◆ Aim of the exercise: Reproduce the records below exactly, but leave their pictures out of the copy.

Data Start Marker

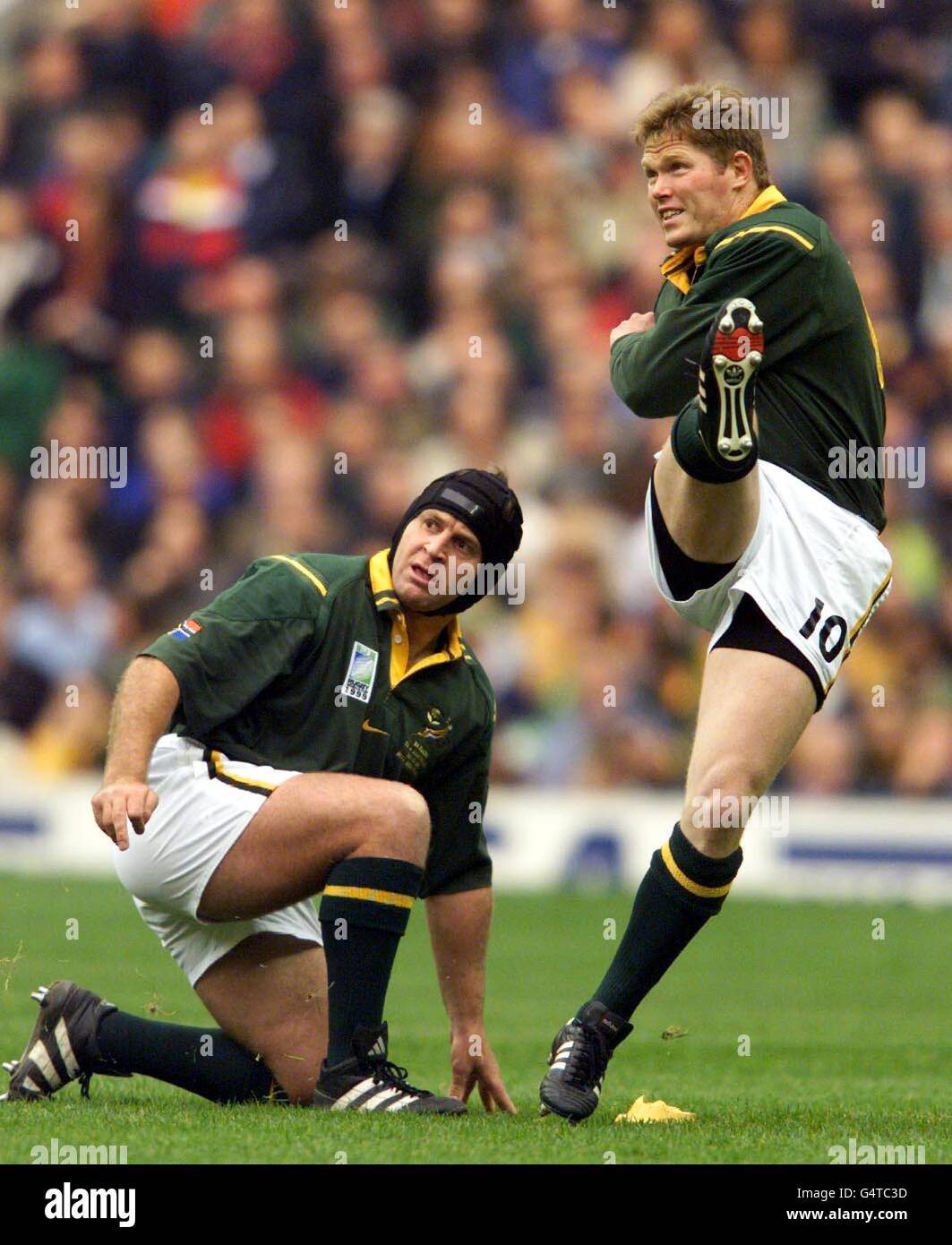 South Africa's Jannie de Beer kicks a penalty as ball holder Naka Drotske looks on during their Rugby World Cup semi-final against Australia at Twickenham in London. Stock Photo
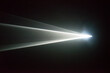 © Trent Lanz/Stocksy - Illuminated beam of light from a projector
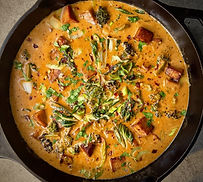 Golden tofu cubes in creamy coconut lime sauce with cilantro, green onions, and lime
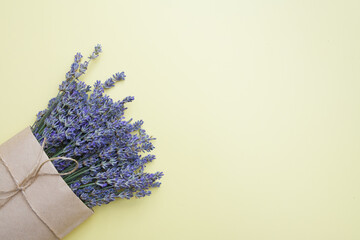 Top view of a bouquet of lavender in a craft bag on a yellow background with copy space. Spring or summer concept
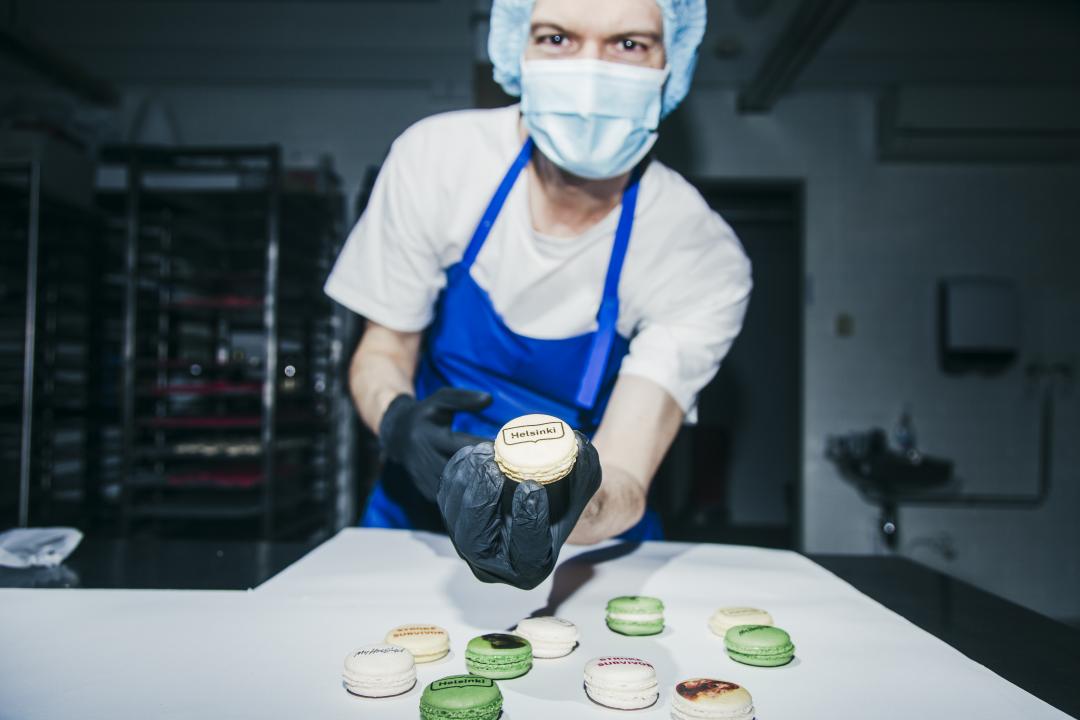 Olivier Béaslas dressed in a blue apron, hair net and wearing a face mask is standing over a work surface in a professional kitchen showing a macaroon he's made to the camera. More macaroons arranged on the work surface.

Data End Marker

◆ Reply:
 South Africa's Jannie de Beer kicks a penalty as ball holder Naka Drotske looks on during their Rugby World Cup semi-final against Australia at Twickenham in London. Stock Photo
 © Trent Lanz/Stocksy - Illuminated beam of light from a projector
 Golden tofu cubes in creamy coconut lime sauce with cilantro, green onions, and lime
 Top view of a bouquet of lavender in a craft bag on a yellow background with copy space. Spring or summer concept
 Olivier Béaslas dressed in a blue apron, hair net and wearing a face mask is standing over a work surface in a professional kitchen showing a macaroon he's made to the camera. More macaroons arranged on the work surface.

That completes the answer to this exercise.